Con el díptico The Souvenir (2019-2021), la cineasta británica Joanna Hogg (Londres, 1960) entregó uno de los ejercicios de autoficción más reseñables del cine reciente. A medio camino entre el bildungsroman sentimental y el réquiem por la pérdida de un ser querido, The Souvenir proponía un juego de espejos entre ficción y realidad, con Hogg recreando su periodo de formación cinematográfica. Además, como guinda del pastel, los personajes de Julie, el alter ego de la cineasta, y Rosalind, su madre, estaban interpretados por las actrices Honor Swinton Byrne y Tilda Swinton, madre e hija en la vida real.



Ahora, en La hija eterna, la cineasta londinense reincide en el espejismo fílmico; en esta ocasión, para meditar sobre el irrompible y complejo vínculo que la unió a su madre, fallecida tras el rodaje del filme. De hecho, los personajes de La hija eterna son los mismos que los de The Souvenir –responden, de nuevo, a los nombres de Julie y Rosalind–, aunque aquí la madre ya es una anciana. En cuanto a la trama, dos años después del fallecimiento del padre, madre e hija deciden pasar unos días juntas en un hotel.

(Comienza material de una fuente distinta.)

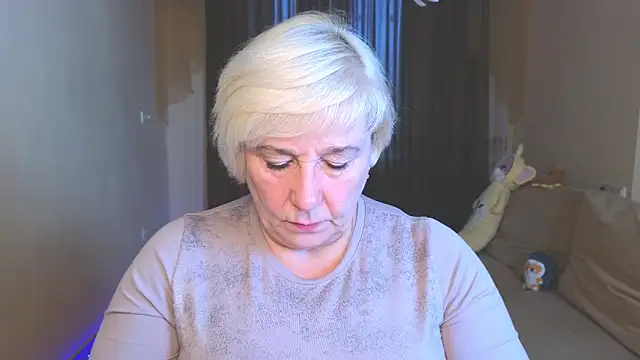 Snapshot of Milana_Milky chatting on November 2025 06:04:02 AM Milana Milky online show from November 2025 06:04:02 AM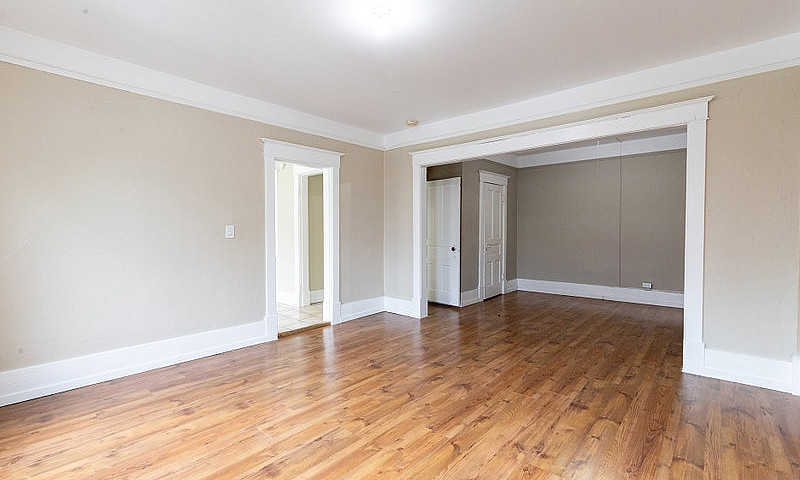 Inglewood Apartment ...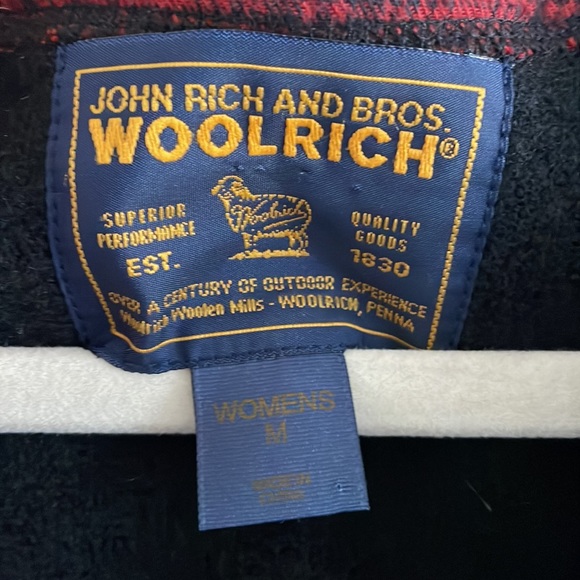 Woolwich wool vest with bear detailing - Picture 5 of 5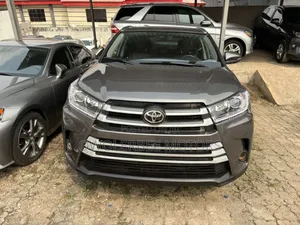 Toyota Highlander Limited Platinum 4x4 V6 (3.5L 6cyl 8A) 2018 Gray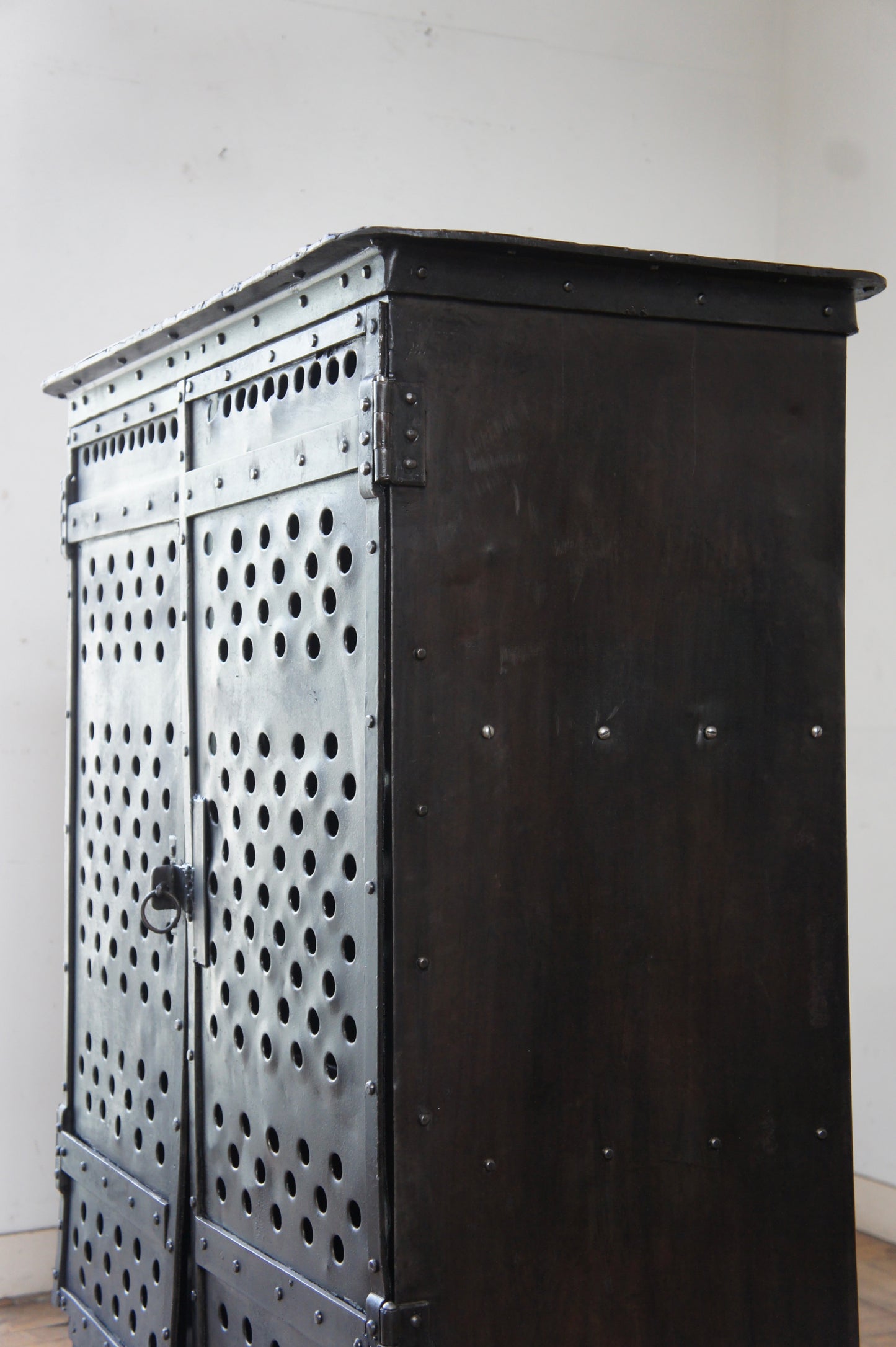 Metal storage cabinet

Este sentido retrato maternofilial –cuya delicadeza remite a Primavera tardía (1949) de Yasujiro Ozu– aparece enmarcado por una sugerente aura gótica, que se concreta en la figura de un viejo caserón, en la perenne neblina, en el viento que hace chirriar los ventanales, y en una presencia espectral que amenaza a Julie. De esta manera, Hogg refuerza el carácter fantasmagórico de una película que se asienta sobre lo memorístico. La madre, al reencontrarse con los espacios de su infancia, se entrega al recuerdo de unos traumas familiares que recogen los ecos de la Segunda Guerra Mundial.

En su exploración de lo siniestro, Hogg invoca a Alfred Hitchcock. Las luces verdosas del hotel de La hija eterna reproducen el encantamiento de Vértigo (1958), mientras que el trabajo de Kim Novak es retomado por una extraordinaria Tilda Swinton, que encarna a los personajes de Rosalind y Julie (en 1992, Swinton ya se multiplicó en las varias caras del Orlando de Virginia Woolf). En el caso de La hija eterna, el desafío actoral parece aún mayor dado el particular sistema de trabajo de Hogg, quien escribe sus guiones como si fueran relatos.

El filme de Hogg se concreta en un viejo caserón, en la neblina, en el viento y en una presencia espectral

Además, cabe destacar que la pirueta actoral de Swinton no tiene nada de gratuito. Su desdoblamiento en los personajes de madre e hija refuerza el estudio que propone el filme sobre los intercambios intergeneracionales. Llegada la vejez de Rosalind, Julie debe cuidar de su madre como si se tratara de su hija. Una subversión de roles que desata un sentimiento de culpa en Julie, quien durante la estadía en el hotel intenta escribir un guion inspirado en la vida de su madre. Así, los cuidados y muestras de cariño chocan con los arduos caminos de la creación artística. Un cóctel de luces y sombras que convierte La hija eterna en el cénit provisional de Joanna Hogg.